O presente projeto de pesquisa tem como tema a flexibilização/precarização das relações de trabalho, em decorrência da modificação dos institutos e do próprio direito do trabalho.


A escolha do tema é decorrente da tentativa de compreender este novo sistema de relações de trabalho que visa transpor a intervenção estatal e estimular a negociação coletiva com o fim de promover competitividade das empresas e redução dos custos da produção, a qualquer custo.


Além disto, pretende-se averiguar os efeitos da referida flexibilização, com destaque à precarização, diante do conceito de igualdade substancial e do princípio protecionista que norteia as relações juslaborais.


Ante ao exposto, é de extrema revelância a análise minuciosa deste tema, pois além de ter aplicabilidade recente, é polemico, e capaz de proporcionar diferentes posicionamentos.


MARCO TEÓRICO


Segundo José Francisco Siqueira Neto, a flexibilização do direito do trabalho “consubstancia-se no conjunto de medidas destinas a afrouxar, adaptar ou eliminar direitos trabalhistas de acordo com a realidade econômica e produtiva”. Em seguida, esclarece que:


“A flexibilização do direito do trabalho é também entendida como um instrumento de adaptação rápida do mercado de trabalho.

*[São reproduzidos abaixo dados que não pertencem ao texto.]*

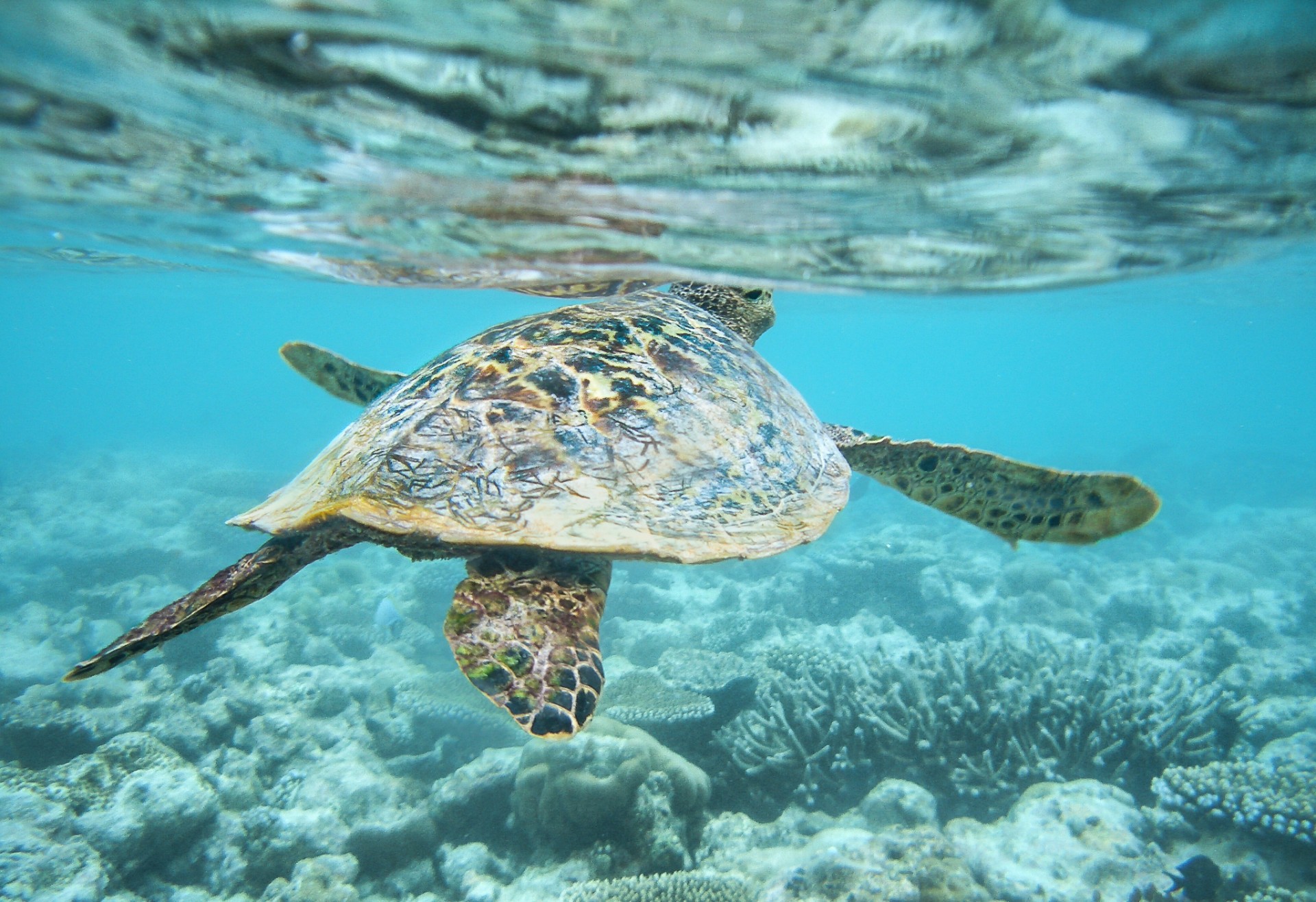 Una tartaruga marina che prende fiato sulla barriera corallina dell’isola di Félicité, Seychelles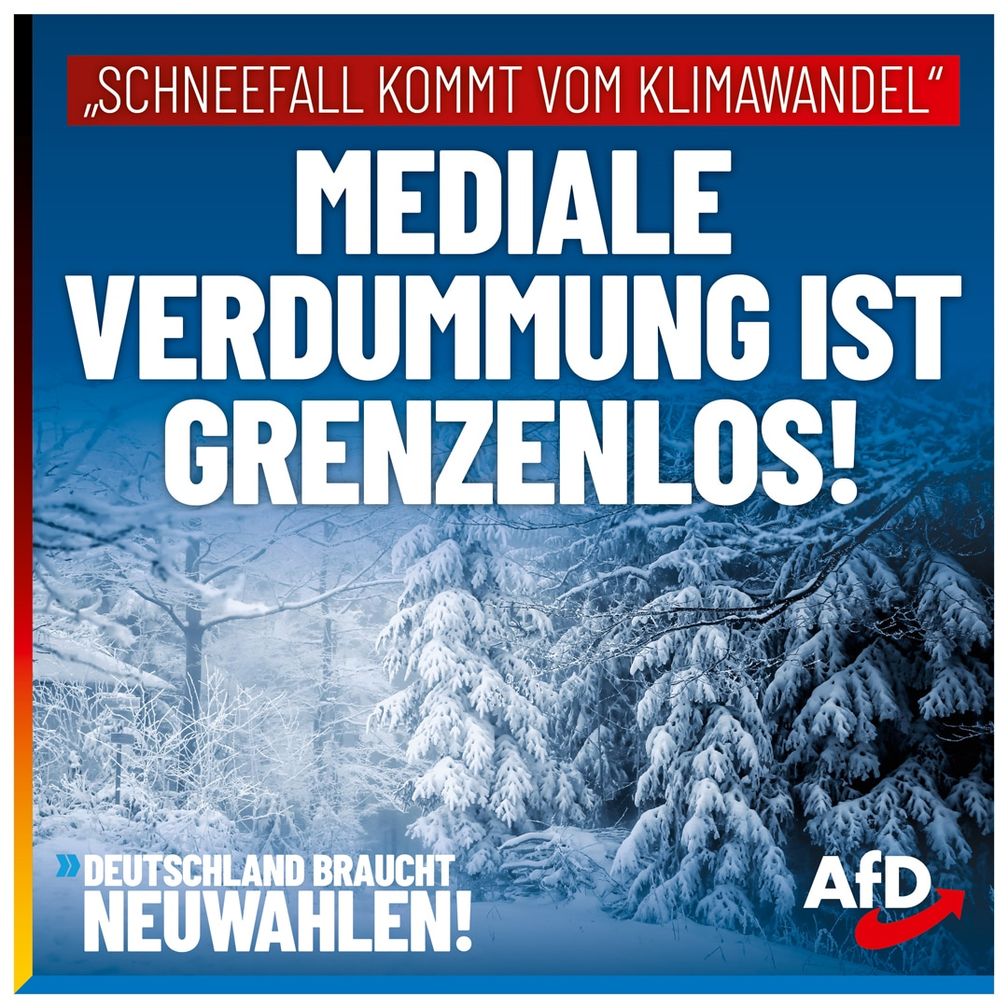 Bild: AfD Deutschland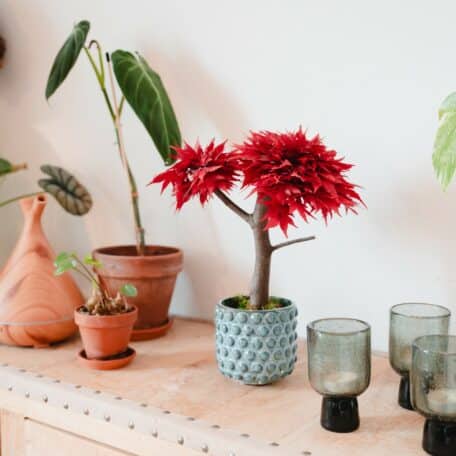 Ahorn stabilisierter Bonsai - mittel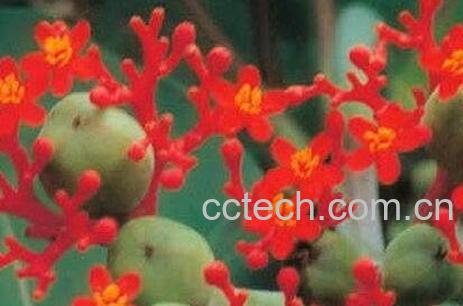 佛杜树的药用价值-0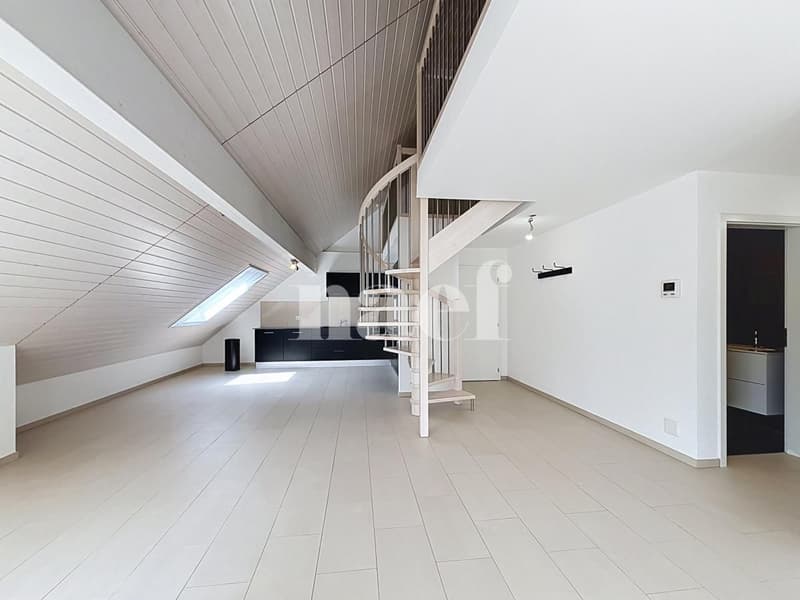 Bel appartement en duplex (4)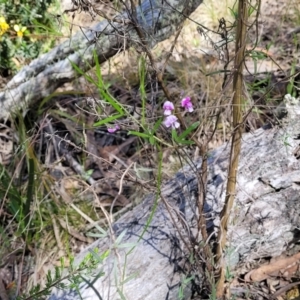 Glycine clandestina at Glen Fergus, NSW - 19 Nov 2022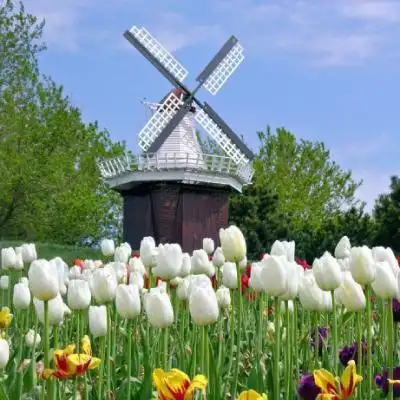 高清唯美高大的荷兰风车头像高清图片大全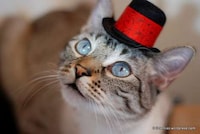 Feline Fedoras Image 3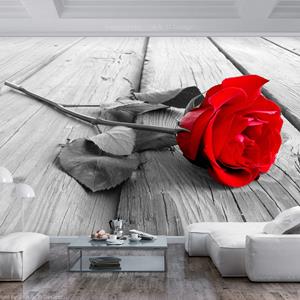 Karo-art Zelfklevend fotobehang - Verlaten Rode roos , Premium Print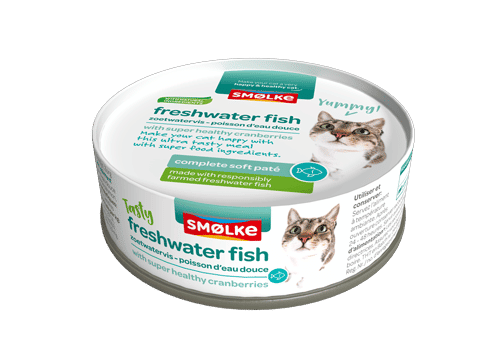 smolke kat soft pate freshwater fish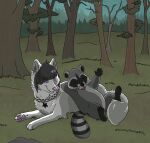  2012 ambiguous_gender black_body black_fur black_hair black_inner_ear_fluff black_nose black_whiskers bluekyokitty canid canine cel_shading checkered_collar claws collar day detailed_background digital_drawing_(artwork) digital_media_(artwork) duo eyebrows eyes_closed feral feral_with_hair forest fur grass grey_body grey_fur grey_inner_ear_fluff hair inner_ear_fluff leaning_on_another looking_at_another lying mammal markings open_mouth open_smile outside pawpads paws pink_eyes pink_nose pink_pawpads pink_tongue plant procyonid raccoon raised_arm raised_eyebrow ring_(marking) ringtail sebdoggo shaded smile tail tail_markings tongue tree tuft whiskers white_body white_claws white_fur 
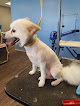 Pet boarding services Puppy Love Pet Grooming in Sioux Falls in SD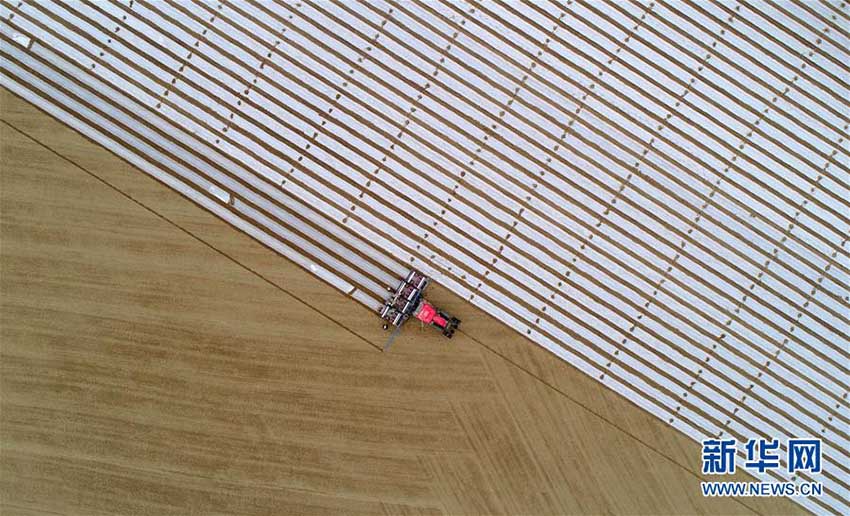 新疆塔里木地區(qū)、綿花の種まきシーズンに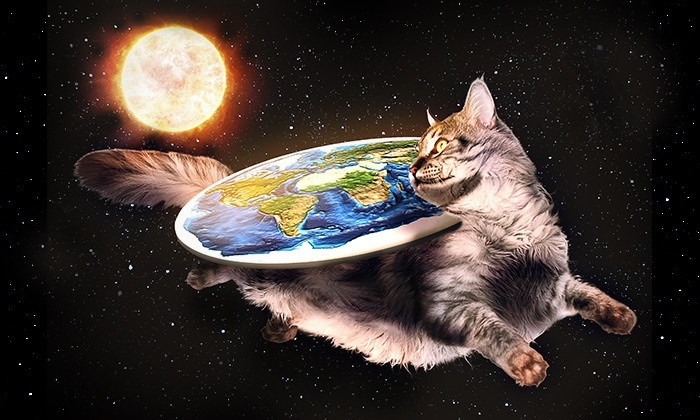 FlatEarth Cat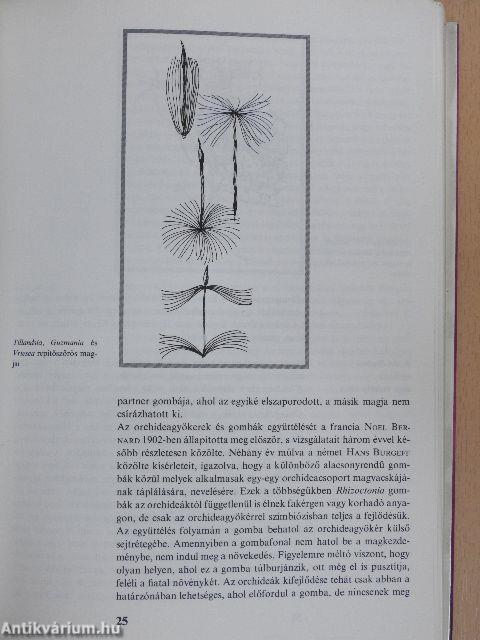 Orchideák és broméliák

Neste sentido é concebida como a parte integrante do processo maior de flexibilização do mercado de trabalho, consistente no conjunto de medidas destinadas a dotar o direito laboral de novos mecanismos capazes de compatibilizá-lo com as mutações decorrentes de fatores de ordem econômica, tecnológica ou de natureza diversa exigentes de pronto ajustamento”.[1]


Márcio Túlio Viana, após destacar que o mundo pós-moderno se submete à diversidade, procurando soluções pragmáticas, registra que:


“O slogan tem certo charme e causa impacto (…). O verbo é também simpático: passa a idéia de inovação, abertura, modernidade. Afinal, o contrário de flexível é inflexível. Faz pensar em ditadura, mente estreita, preconceito. O problema é que o verbo se tornou irregular, nem sempre se conjuga com todos os pronomes. O capital ordena: flexibilizem!. Mas se recusa a dizer: flexibilizo!.” [2]


Para Pierre Bourdieu, a flexibilização unilateral por parte do empregado justifica-se pela precariedade que está por toda a parte, dando aos trabalhadores a impressão de que são, facilmente, substituíveis e que estão ameaçados pela perda do emprego. E diante disto:


“A precariedade atua diretamente sobre aqueles que ela afeta e indiretamente sobre todos os outros pelo temor que ela suscita e que é metodicamente explorado pelas estratégias de precarização, com a introdução da famosa “flexibilidade”. Começa-se assim a suspeitar que a precariedade é o produto de uma vontade política, e não de uma fatalidade econômica, identificada com a famosa “mundialização”.[3]


Diante da existência do binômio flexibilidade/precarização é que se pretende compreender como tais institutos são percebidos pelos diferentes pensadores e abordar as mudanças das relações de trabalho no Brasil, reflexos do pensamento neoliberal e da modificação do direito do trabalho.


FLEXIBILIZAÇÃO OU PRECARIZAÇÃO: QUAL A PALAVRA DE ORDEM?


A nova estruturação capitalista das últimas décadas, marcada pela globalização da economia, internacionalização dos mercados financeiros e crescente interação entre os países e povos, produziu iminentes reflexos no mercado de trabalho.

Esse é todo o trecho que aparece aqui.